The Feast of Christ the King, celebrated by the Western/Latin Church on the last Sunday of the ecclesiastical year (today), is an odd feast. Unusual not only because of its novelty, being an observance introduced only in the 1920s, but also because it serves synthetically to combine several theological themes deemed appropriate for reflection and celebration at the end of the year and before Advent. I draw some of them to your attention here for your consideration, academic or otherwise:
- CtK affirms the continuing relevance of the history of Israel and Judah. The New Testament affirms that Christ is the last and greatest King of the House of David. The Gospels’ infancy narratives stress Jesus’s Davidic parentage (though many have puzzled over the fact that the genealogies given focus on Joseph’s royal ancestry, which is a little odd given their simultaneous insistence on the Virgin Birth). Even Pilate acknowledges, with bitter irony, that Jesus is rex iudeorum on the titulus affixed to the Cross. This (a) suggests that God has some eternal concern for the particularity of Israelite history; and (b) reminds us of the everlasting and irreducible Jewishness of the Son of God.
- The feast is of Christological significance; it further explores the central Christian conviction that God the Father is somehow manifest in Christ. It offers us a Christocentric reading of those Old Testament texts which speak of YHWH of Hosts as a king. One thinks particularly of how Christians use those Psalms which proclaim the enthronement or kingship of God with the refrain YHWH mlk, e.g. Pss. 47; 93; 95-99.It is also of more overtly dogmatic Christological importance. The Papal encyclical establishing the feast quotes St. Cyril (that darling of radical Orieldoxy) in connecting Christ’s sovereignty to his sharing in the divine ousia: “Christ has dominion over all creatures, a dominion not seized by violence nor usurped, but his by essence and by nature.” Christ is necessarily, rather than contingently, King; he is not simply put at the head of creation by the arbitrary will of the Father. Incidentally, this is why (probably in response to the modalist tendencies of Athanasius’s friend Marcellus of Ancyra) the Niceno-Constantinopolitan creed concludes its section on Christ by affirming that “his Kingdom shall have no end.”

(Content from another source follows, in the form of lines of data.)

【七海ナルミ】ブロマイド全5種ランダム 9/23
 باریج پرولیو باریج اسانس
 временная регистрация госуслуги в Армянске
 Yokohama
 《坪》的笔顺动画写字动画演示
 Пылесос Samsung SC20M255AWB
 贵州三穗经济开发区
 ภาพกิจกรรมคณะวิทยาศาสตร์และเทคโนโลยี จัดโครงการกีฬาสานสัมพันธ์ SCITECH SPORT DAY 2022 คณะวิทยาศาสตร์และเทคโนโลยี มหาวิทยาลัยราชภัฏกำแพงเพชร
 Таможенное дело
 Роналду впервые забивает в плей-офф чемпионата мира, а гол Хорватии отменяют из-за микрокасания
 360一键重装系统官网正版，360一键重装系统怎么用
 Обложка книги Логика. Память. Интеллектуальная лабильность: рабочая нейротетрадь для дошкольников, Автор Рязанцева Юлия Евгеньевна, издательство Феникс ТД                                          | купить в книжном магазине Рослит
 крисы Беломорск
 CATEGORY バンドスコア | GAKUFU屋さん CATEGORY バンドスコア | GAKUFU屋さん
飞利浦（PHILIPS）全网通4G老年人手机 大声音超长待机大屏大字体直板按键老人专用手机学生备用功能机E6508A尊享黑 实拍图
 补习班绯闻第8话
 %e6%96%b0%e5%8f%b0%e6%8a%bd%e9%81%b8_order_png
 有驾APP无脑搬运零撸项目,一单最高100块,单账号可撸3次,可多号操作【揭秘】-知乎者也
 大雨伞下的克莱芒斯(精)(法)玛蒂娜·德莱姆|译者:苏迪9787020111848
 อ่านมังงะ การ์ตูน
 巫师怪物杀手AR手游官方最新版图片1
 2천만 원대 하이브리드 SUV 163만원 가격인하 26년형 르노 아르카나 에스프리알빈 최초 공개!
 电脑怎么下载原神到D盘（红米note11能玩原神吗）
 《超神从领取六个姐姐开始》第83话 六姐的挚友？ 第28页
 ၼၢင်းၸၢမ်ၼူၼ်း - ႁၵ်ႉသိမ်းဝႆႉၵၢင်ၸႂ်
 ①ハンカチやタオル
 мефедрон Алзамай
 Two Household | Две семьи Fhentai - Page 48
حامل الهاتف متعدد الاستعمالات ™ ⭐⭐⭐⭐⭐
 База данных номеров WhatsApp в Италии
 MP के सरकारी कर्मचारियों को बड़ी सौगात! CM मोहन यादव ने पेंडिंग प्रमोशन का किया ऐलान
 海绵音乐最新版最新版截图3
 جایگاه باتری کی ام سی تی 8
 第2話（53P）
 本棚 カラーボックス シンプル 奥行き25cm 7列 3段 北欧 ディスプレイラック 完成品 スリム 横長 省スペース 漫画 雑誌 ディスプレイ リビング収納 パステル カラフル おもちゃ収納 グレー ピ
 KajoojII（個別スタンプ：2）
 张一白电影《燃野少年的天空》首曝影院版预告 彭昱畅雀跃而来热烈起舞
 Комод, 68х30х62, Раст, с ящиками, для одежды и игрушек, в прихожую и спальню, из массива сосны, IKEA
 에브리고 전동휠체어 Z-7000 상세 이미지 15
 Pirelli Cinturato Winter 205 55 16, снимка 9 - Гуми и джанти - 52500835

- Finally, the feast is of political significance. It was instituted in an era when the ideologies of communism, fascism and empire were placing claims on humankind’s ultimate allegiance that no earthly power has sufficient authority to make. This is always an important political-theological point to make, but it seems particularly pertinent today when faced with a political-religious enemy in Iraq, Syria and elsewhere, which claim to manifest the sovereignty of God on Earth via acts of brutal violence. Christianity’s response is to point out that Christ has already done this, and that He directly refused those among his disciples who wished to employ the sword in doing so.Given the feast’s eschatological placement – sandwiched between the various remembrances (ecclesiastical and civil) of November and the apocalyptic looking-forward of Advent – we might also note that in some small ways groups like ISIS do manifest the Kingdom. For example, on a beach in Libya last February, they showed the world twenty-one persons who witnessed to the Kingdom to the point of death (real martyrs die, rather than kill, for their faith), adding despite their diabolical best efforts to those “who rejoice with us, but upon another shore, and in a greater light, that multitude which no man can number, whose hope was in the Word made flesh”.